Al Letson: That story was produced by Najib Aminy and Elizabeth Shogren. The White House wouldn't talk to us for this story, and neither would the EPA Administrator, but we did get an interview with a former high-ranking Trump official, who sees things differently from Jeff.
Mandy G.: I would say that this administration has continued to fulfill the mission of EPA in a very meaningful way.
Al Letson: That's next on Reveal.
Al Letson: From the Center for Investigative Reporting and PRX, this is Reveal. I'm Al Letson.
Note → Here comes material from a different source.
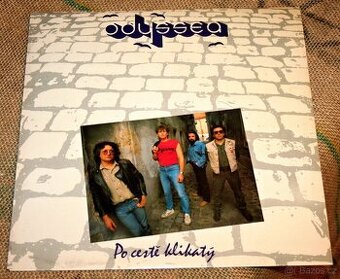 LP ODYSSEA - PO CESTĚ KLIKATÝ (top stav, nejlevněji) - 1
Al Letson: We've been talking about the Trump administration sidelining science. When we first aired this show in September, we tried for weeks to get interviews with the White House, the EPA, and the Department of Transportation. All of our requests were denied. But a former Trump administration appointee from a key EPA office did agree to talk with us.
Mandy G.: My name is Mandy Gunasekara. I am currently the founder of a pro-Trump non-profit called Energy 45, where the mission is to educate the public on the energy, environment and economic successes of the Trump administration. Prior to that, and most recently, I was the Principal Deputy Assistant Administrator at the U.S. Environmental Protection Agency.
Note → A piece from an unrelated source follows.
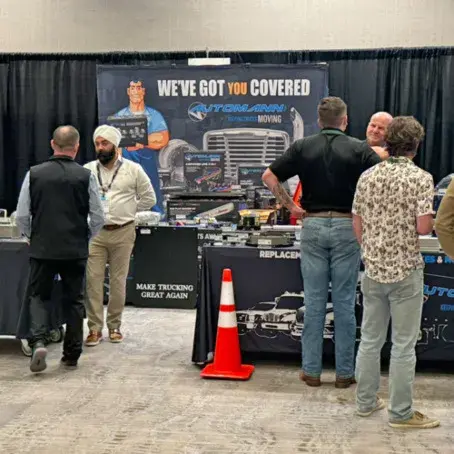 Driving Success: Automann Supports The Seminar Heavy Duty Education Week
Al Letson: How long were you at the EPA?
Mandy G.: Almost two years. Let's see, a year and eleven months.
Al Letson: A lot of things happened in that year and eleven months. What are you most proud of accomplishing there?
Mandy G.: Two big things. One is the President's announcement to get out of the Paris Climate Accord. And the other thing, too, is the repeal and replace of the Clean Power Plan. From my perspective, the last administration strained the interpretation of what EPA's respective responsibility was under the pertinent provisions of the Clear Air Act, and we fixed that.
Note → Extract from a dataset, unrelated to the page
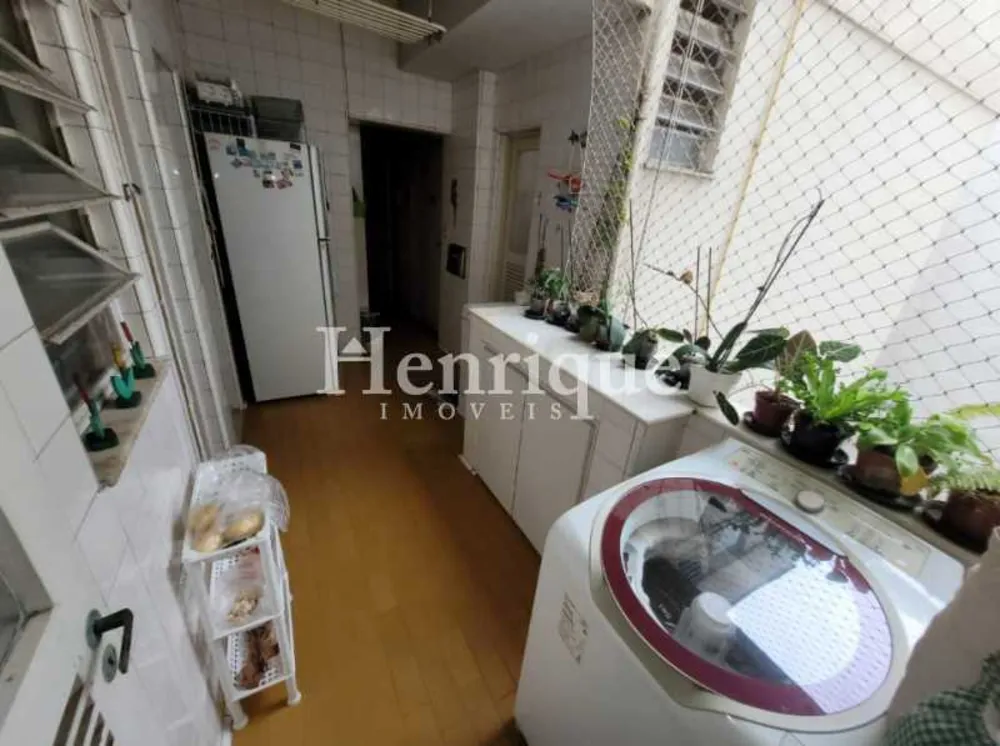 Apartamento, 4 quartos, 205 m² - Foto 9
Al Letson: Mandy's talking about doing away with President Obama's two biggest climate change initiatives. The Paris Climate Accord is a plan to bring the whole world together to reduce greenhouse gas emissions, and the Clean Power Plan, as we said earlier in the show, would have required states to use cleaner electricity, cutting down on the use of coal.
Al Letson: So, that made me ask her, why would you consider reviving coal as an accomplishment when you're at the Environmental Protection Agency?
Mandy G.: Because it's not within the mandate, and especially under the Clean Air Act, to get rid of a particular industry, and frankly, the coal industry has been very successful in implementing and reducing emissions.
Al Letson: But it's still the dirtiest form of energy there is out there, and we have other forms that could do the exact same thing, that are not as dirty, and are also more cost-efficient.
Al Letson: One thing I wanted to push back on a little bit is that earlier you said that the EPA was putting an industry out of business, and that's not what they're supposed to do. But from the very beginning, the EPA has said that they are under no obligation to promote agriculture or commerce. The only critical obligation is to protect and enhance the environment.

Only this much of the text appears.